Wednesday, May 15, 2013

11 SAMURAI (1966)

More isn't necessarily better, but Eiichi Kudo has plenty to offer in this picture along with four more warriors than sufficed for Akira Kurosawa. To be correct, Kudo's team of heroes includes one ronin, with a grudge against aristocrats, and one woman, valiantly determined to make up for the loss of her brother to tuberculosis. Like many such pictures, 11 Samurai is concerned with the honor of a clan and the sacrifices its retainers will make to preserve it, usually by taking revenge on a villain. In this case the villain is particularly obnoxious. The spoiled relative of a retired shogun, and thus a privileged noble, Lord Nariatsu (Kantaro Suga) blunders across the border into the neighboring fiefdom while hunting rabbits and slaughters the first peasant who gets in his way. He isn't supposed to cross into another fief without permission, and the murder only exacerbates the offense in the eyes of the local clan leader, who presumes to reprimand Nariatsu and catches an arrow in the eye for his trouble. Nariatsu's family is so privileged that the government decides to blame the murdered man's clan for the incident and strip them of their lucrative fief, which the envious Nariatsu has coveted for some time. The most Hayato (Isao Natsuyagi) gets by appealing to the government is a one-month delay in the announcement of the penalty. But that gives him time to formulate a plan to change the game by killing Nariatsu. He suspects that the government would cover up a revenge killing that would embarrass the state and write Nariatsu off as a victim of illness, and with Nariatsu out of the picture the government might rethink the confiscation.


Nariatsu (above) offends, and members of the Abe clan defend their honor.


Hayato has two priorities: keeping his subordinates from jumping the gun and attacking Nariatsu on their own, and outwitting the crafty chamberlain Gyobu (Ryutaro Otomo) responsible for protecting Nariatsu. He suppresses one premature attempt by his men (and the woman Nui [Keiko Okawa], subbing for her brother) and sentences them (except for the woman) to seppuku. Their readiness to die only proves their worth to him; they (and the woman) become key to his plan. Nui's role is more actress than warrior; she absconds with Hayato as he attempts to convince everyone that he's given up on the fief and abandoned his wife Orie (Junko Miyazono) to live with the other woman. Orie proves more understanding about this than her brother, who decides to show up Hayato by attacking Nariatsu singlehandedly, with predictably disastrous consequences. With her brother dead and her husband not likely to survive, Orie kills herself, to Hayato's horror. He envisioned a revenge scenario with minimal damage to his clan, but it's not turning out as he'd planned.

 
With Orie dead, Hayato has even less to live for than before,
apart from waiting for his chance for revenge.

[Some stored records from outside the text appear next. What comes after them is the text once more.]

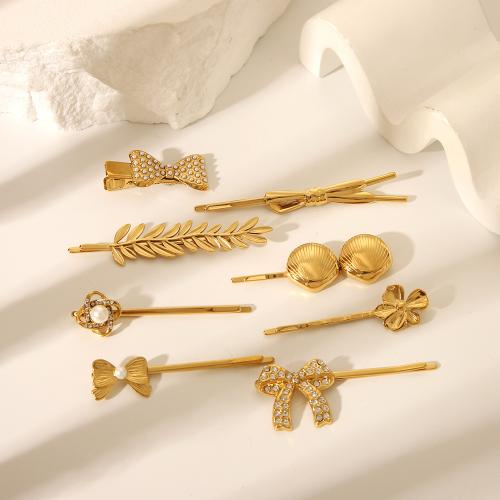 Hair Slide 304 Stainless Steel plated fashion jewelry & for woman golden Sold By PC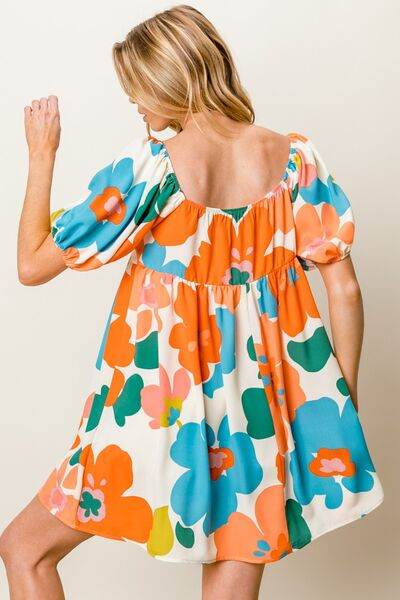 BiBi Floral Puff Sleeve Mini Dress - Hovatok
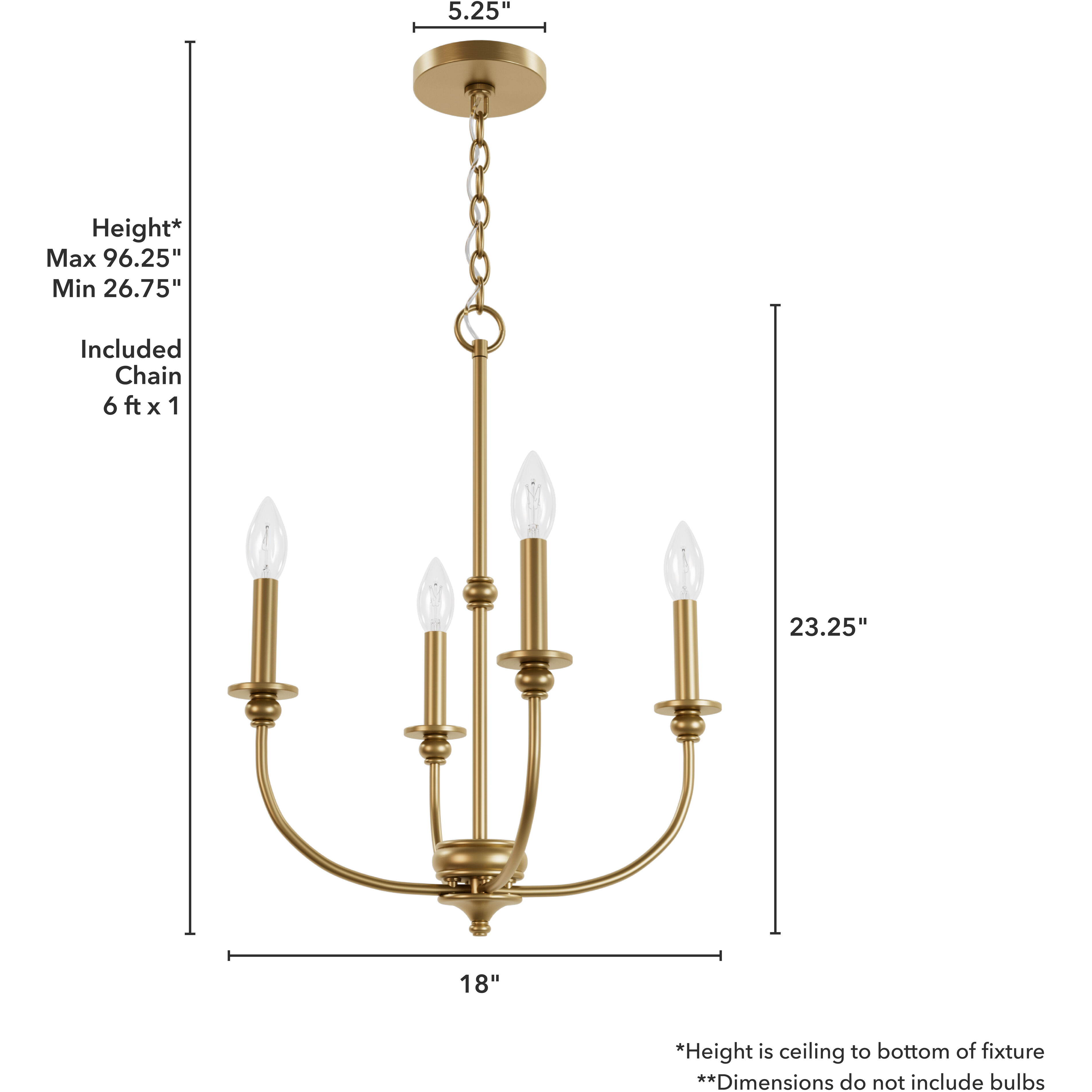Southcrest 4 Light 18 inch Luxe Gold Chandelier Ceiling Light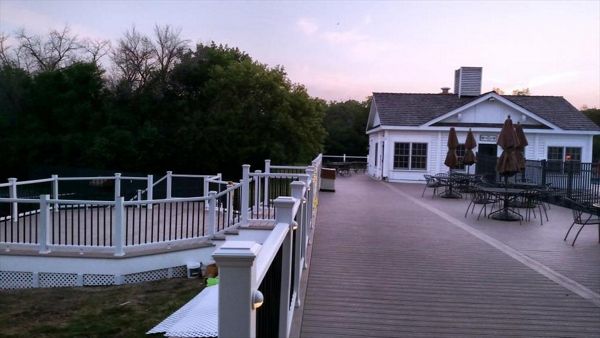 Inverness Country Club - Rope Swing decking, white railings w/black balusters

Pressing on, Hayato contrives the perfect ambush to take out Nariatsu -- Kudo shows us how perfectly it would have worked were our hero not a sucker willing to trust authority. At practically the last moment, word reaches him that the government is going to reconsider the confiscation, and he aborts the clan's best chance to nail their enemy. Soon enough, he learns he's been lied to, with no alternative left to him but a direct assault on Nariatsu's entourage.




Justice is on Hayato's side, but Kudo sees little glory in his hero's vengeance. The film climaxes with a running battle in the rain that might remind viewers of Seven Samurai but comes closer in spirit to the muddy combat of Orson Welles's Chimes at Midnight. The bad guys lose, but there's little sense of triumph in their downfall. A defining shot of a survivor sitting in the mud, slashing at a puddle with his sword, underscores the pointlessness of it all perhaps too blatantly. Kudo has it both ways, however, since the final fight is excitingly staged and punctuated with crowd-pleasing violence, most notably when one of our heroes becomes a suicide bomber by jumping on a bonfire with a pack of gunpowder. Samurai cinema in general was good at having it both ways, many films from the Sixties forward strongly criticizing feudal injustice without disappointing action fans. Kudo's are more cerebral samurai films, often focusing on a strategic battle of wits between leaders as with Hayato and Gyobu here, and 11 Samurai features strong performances from Natsuyagi and a diverse ensemble. He impresses as an action director as well, and 11 Samurai can certainly be enjoyed by action fans (though patience is advised) regardless of whatever message Kudo had in mind.